A body recovery was the trigger that convinced Davis to get into avalanche education. He was working for the Snowbasin Ski Patrol at the time and was called to respond to a slide in Hell’s Canyon, just outside of Snowbasin’s boundary. “You realize that the search and rescue part's fun and it's an adrenaline rush,” Davis says. “But you rarely have live finds, because there has to be someone within the party to enact the rescue. Even if someone was to survive the ride in Hells without an avalanche transceiver or a partner, by the time patrol found out about it and responded, you're already probably 10, 15 minutes in at that point. I started to think maybe the rescue side's the backwards end of it.
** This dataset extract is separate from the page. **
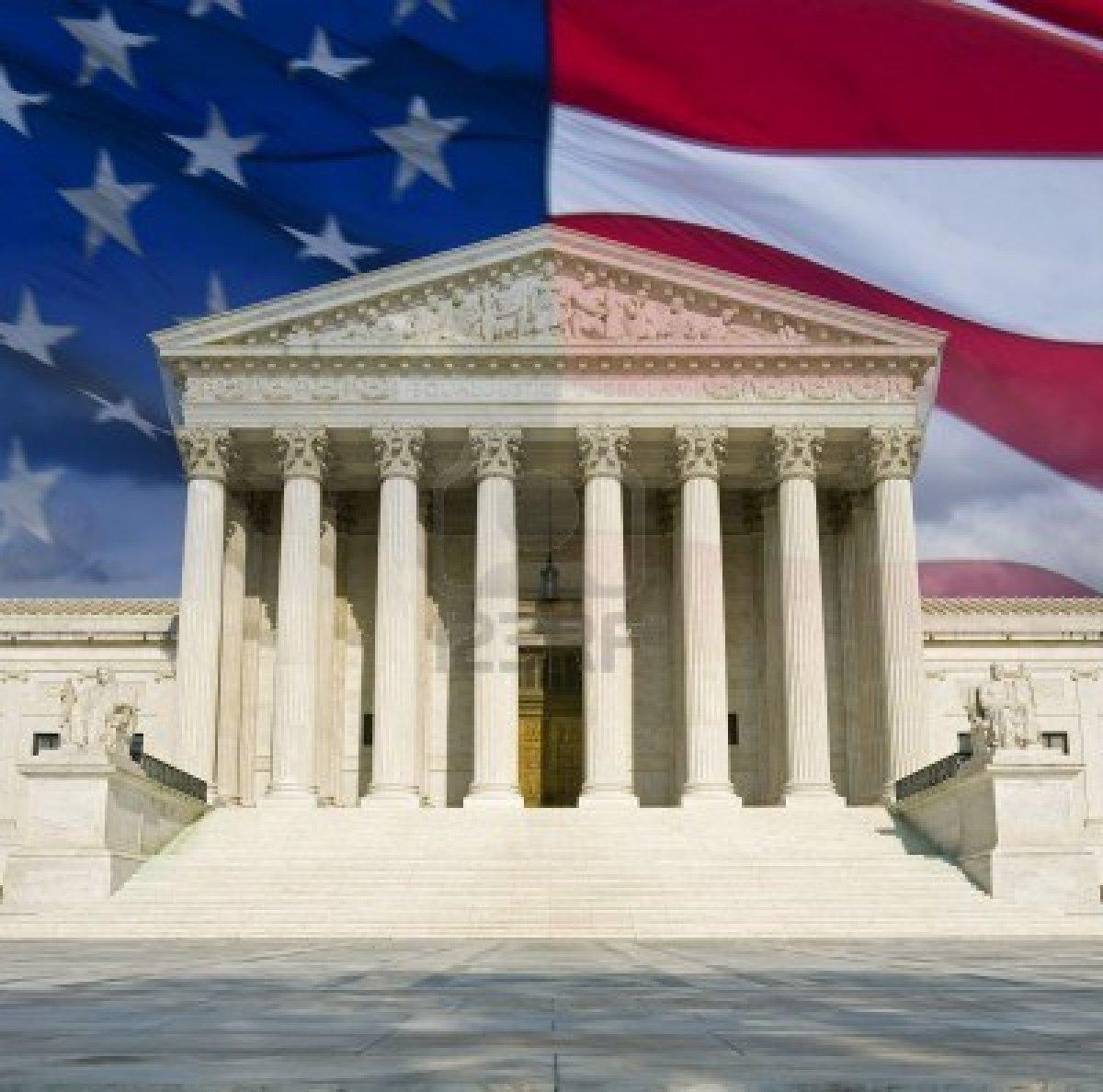 Здание Верховного федерального суда США на фоне флага США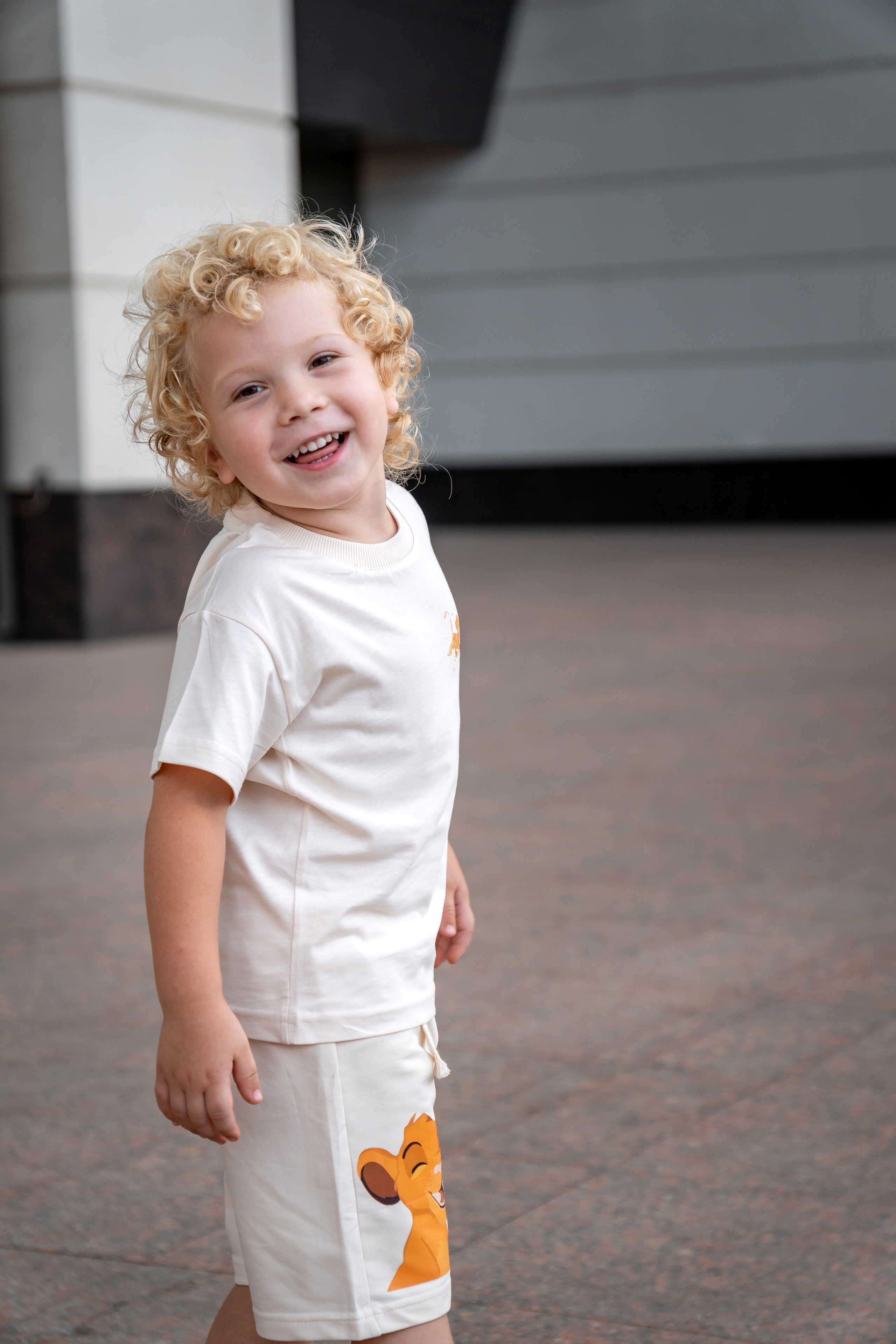 Детские костюмы на улице. Фотограф в Краснодаре и Краснодарском крае Елена Быкова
Avalanche education makes more sense if you actually want to save lives.”
Ogden Avalanche began as an Instagram account in December 2016, as a means to provide more detailed information on the Ogden mountains to supplement the advisories the Utah Avalanche Center already provided. The UAC is one of the best avalanche forecasting and education organizations in the nation. For two consecutive years, from 2016 to 2018, the state recorded zero avalanche fatalities. This is in large part due to the job the UAC does with forecasting and education across the state. But the Ogden mountains feature unique challenges when it comes to avalanche forecasting. The mountains here aren’t so much a range, like you find elsewhere in the Wasatch, but a series of disconnected massifs, each with unique elevations, snow conditions and weather patterns. “Even Snowbasin to Powder Mountain to Ben Lomond in the Ogden area are wildly different,” says Ben Bauter, President and Executive Director of Ogden Avalanche.
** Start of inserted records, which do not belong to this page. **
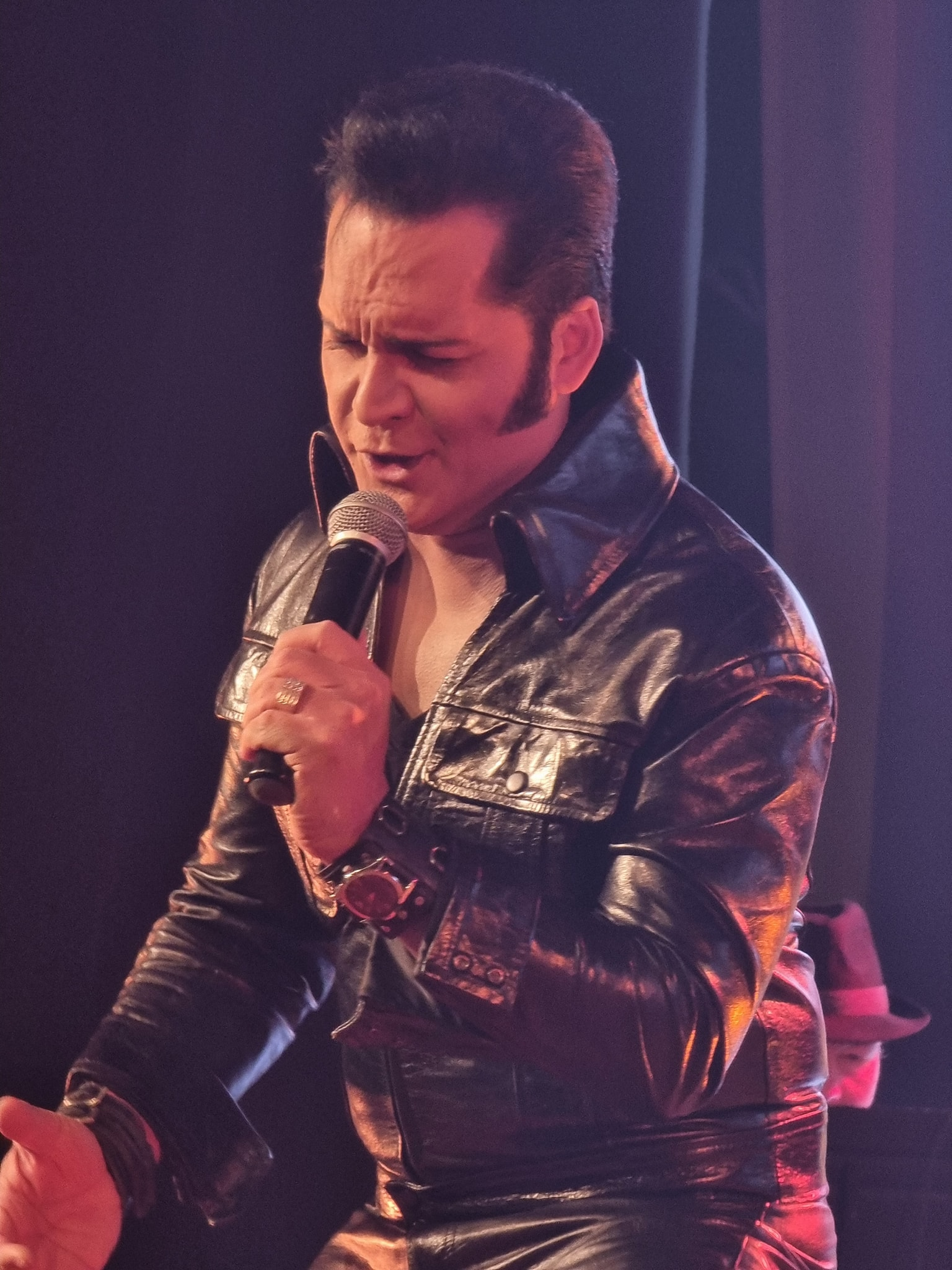 The King Returns to the Valley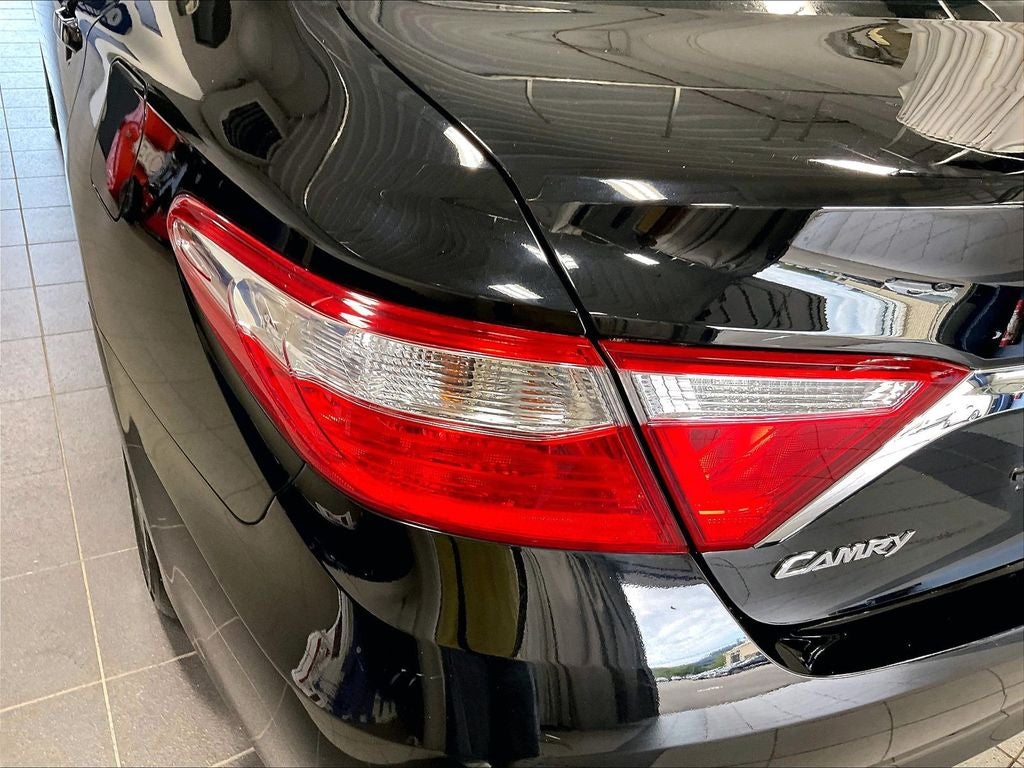 2016 Toyota Camry XLE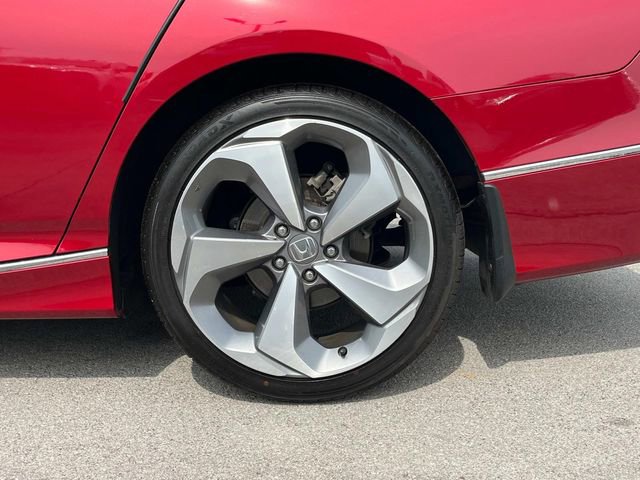 Used 2018 Honda Accord Touring image 14
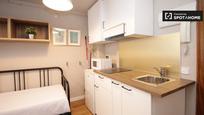 Kitchen of Flat to rent in  Barcelona Capital  with Air Conditioner, Heating and Furnished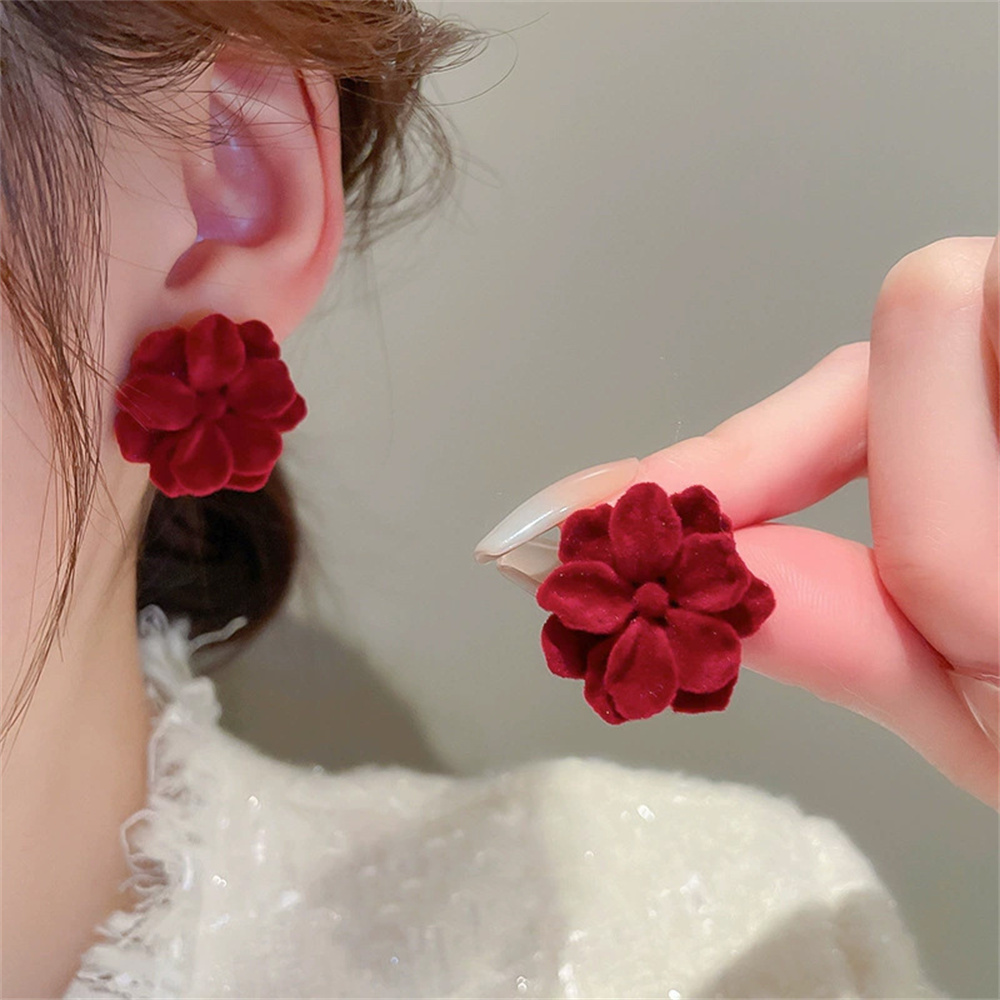 Autumn Winter Vintage Simple Cute Wine Red Velvet Rose Flower Stud Earrings for Women Jewelry Daily Accessories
Skinning in the Backcountry
Though they have their own website now, social media is still the primary way Ogden Avalanche disseminates their information. Their Instagram account had almost 1,900 followers as of press time, which puts it on par with the UAC Logan account’s 1,500 followers (the UAC’s main account has more than 46,000). The idea of going to Instagram was merely an evolution of what was already happening within the community.
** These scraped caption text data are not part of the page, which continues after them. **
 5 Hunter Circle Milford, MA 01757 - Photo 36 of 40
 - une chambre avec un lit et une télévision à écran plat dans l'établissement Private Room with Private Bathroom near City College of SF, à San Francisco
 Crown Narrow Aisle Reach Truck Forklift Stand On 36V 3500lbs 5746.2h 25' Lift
“We were all just talking to each other anyway,” says Bauter. “You'd send out a text to all your different friends that you knew had skied that day. Then Kory and Mike Henderson, who was working for the Weber State Outdoor Program, started the Instagram.” The organization received non-profit status in the summer of 2019, which allows them to raise money to cover overhead costs such as hosting fees for the website and carbon offsets. Everyone who works with Ogden Avalanche is a volunteer, and much of the information they post is still crowd-sourced from fellow backcountry users.
A Beautiful Day in the Backcountry
Ogden Avalanche is not intended to replace the UAC forecasts (utahavalanchecenter.org), which should still be the first stop for those considering heading out into the local backcountry. Ogden Avalanche, however, is able to provide additional details focused solely on the Northern Wasatch and Southern Bear Mountains. For it’s part, the UAC is not averse to supplemental information from the community. “In broad terms, more information is better,” says UAC director Mark Staples. “We want folks to get as much information as they can because really we all have the same goal and focus. More information is always better.”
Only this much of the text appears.